(Problem description) Look through the data below for the line with "Crazy Lace Agate", and transcribe it exactly together with each line after it up to and including the line with "ELAYARD Pentola Per". Give nothing else.

[Brief descriptive captions]
· · · · · · ·

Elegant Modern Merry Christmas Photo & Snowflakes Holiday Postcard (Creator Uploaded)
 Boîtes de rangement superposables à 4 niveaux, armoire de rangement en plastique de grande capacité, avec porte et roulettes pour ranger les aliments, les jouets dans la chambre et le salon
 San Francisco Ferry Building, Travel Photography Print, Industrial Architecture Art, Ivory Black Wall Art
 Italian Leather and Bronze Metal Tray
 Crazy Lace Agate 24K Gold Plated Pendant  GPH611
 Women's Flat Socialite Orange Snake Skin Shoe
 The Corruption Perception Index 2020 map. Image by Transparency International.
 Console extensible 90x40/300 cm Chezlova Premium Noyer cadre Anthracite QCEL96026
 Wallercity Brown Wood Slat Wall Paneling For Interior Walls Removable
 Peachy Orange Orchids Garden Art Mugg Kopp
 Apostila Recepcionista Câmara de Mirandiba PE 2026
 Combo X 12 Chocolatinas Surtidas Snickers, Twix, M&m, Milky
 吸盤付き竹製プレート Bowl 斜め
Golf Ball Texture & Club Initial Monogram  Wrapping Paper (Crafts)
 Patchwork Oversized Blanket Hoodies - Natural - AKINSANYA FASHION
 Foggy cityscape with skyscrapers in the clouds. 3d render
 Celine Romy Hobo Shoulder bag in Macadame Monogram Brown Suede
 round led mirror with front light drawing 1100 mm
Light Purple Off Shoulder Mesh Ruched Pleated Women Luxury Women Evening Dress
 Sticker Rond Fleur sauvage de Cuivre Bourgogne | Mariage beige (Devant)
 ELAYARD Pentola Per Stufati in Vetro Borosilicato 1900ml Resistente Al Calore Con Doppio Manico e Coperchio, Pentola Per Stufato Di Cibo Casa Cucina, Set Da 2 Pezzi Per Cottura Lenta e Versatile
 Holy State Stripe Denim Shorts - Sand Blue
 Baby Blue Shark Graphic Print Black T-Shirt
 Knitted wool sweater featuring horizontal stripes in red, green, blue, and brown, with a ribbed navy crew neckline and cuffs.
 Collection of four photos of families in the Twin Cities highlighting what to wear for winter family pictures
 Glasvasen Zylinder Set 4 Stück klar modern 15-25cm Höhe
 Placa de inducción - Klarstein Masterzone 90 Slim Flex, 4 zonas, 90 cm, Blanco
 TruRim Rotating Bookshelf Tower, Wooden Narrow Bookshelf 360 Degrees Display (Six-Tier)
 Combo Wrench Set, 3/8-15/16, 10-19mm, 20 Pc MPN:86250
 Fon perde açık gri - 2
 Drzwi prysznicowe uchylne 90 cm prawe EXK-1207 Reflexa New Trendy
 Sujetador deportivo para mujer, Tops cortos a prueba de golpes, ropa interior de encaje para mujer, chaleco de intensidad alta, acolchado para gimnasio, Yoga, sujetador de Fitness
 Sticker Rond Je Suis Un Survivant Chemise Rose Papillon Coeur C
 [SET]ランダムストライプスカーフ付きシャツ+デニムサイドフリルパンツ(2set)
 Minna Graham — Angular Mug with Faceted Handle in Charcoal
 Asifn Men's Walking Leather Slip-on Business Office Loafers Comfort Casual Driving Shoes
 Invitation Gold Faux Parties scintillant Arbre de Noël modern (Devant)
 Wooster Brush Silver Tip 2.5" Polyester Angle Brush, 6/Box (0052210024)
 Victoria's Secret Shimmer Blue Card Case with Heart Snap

· · · · · · ·

(Result of the task)
 Crazy Lace Agate 24K Gold Plated Pendant  GPH611
 Women's Flat Socialite Orange Snake Skin Shoe
 The Corruption Perception Index 2020 map. Image by Transparency International.
 Console extensible 90x40/300 cm Chezlova Premium Noyer cadre Anthracite QCEL96026
 Wallercity Brown Wood Slat Wall Paneling For Interior Walls Removable
 Peachy Orange Orchids Garden Art Mugg Kopp
 Apostila Recepcionista Câmara de Mirandiba PE 2026
 Combo X 12 Chocolatinas Surtidas Snickers, Twix, M&m, Milky
 吸盤付き竹製プレート Bowl 斜め
Golf Ball Texture & Club Initial Monogram  Wrapping Paper (Crafts)
 Patchwork Oversized Blanket Hoodies - Natural - AKINSANYA FASHION
 Foggy cityscape with skyscrapers in the clouds. 3d render
 Celine Romy Hobo Shoulder bag in Macadame Monogram Brown Suede
 round led mirror with front light drawing 1100 mm
Light Purple Off Shoulder Mesh Ruched Pleated Women Luxury Women Evening Dress
 Sticker Rond Fleur sauvage de Cuivre Bourgogne | Mariage beige (Devant)
 ELAYARD Pentola Per Stufati in Vetro Borosilicato 1900ml Resistente Al Calore Con Doppio Manico e Coperchio, Pentola Per Stufato Di Cibo Casa Cucina, Set Da 2 Pezzi Per Cottura Lenta e Versatile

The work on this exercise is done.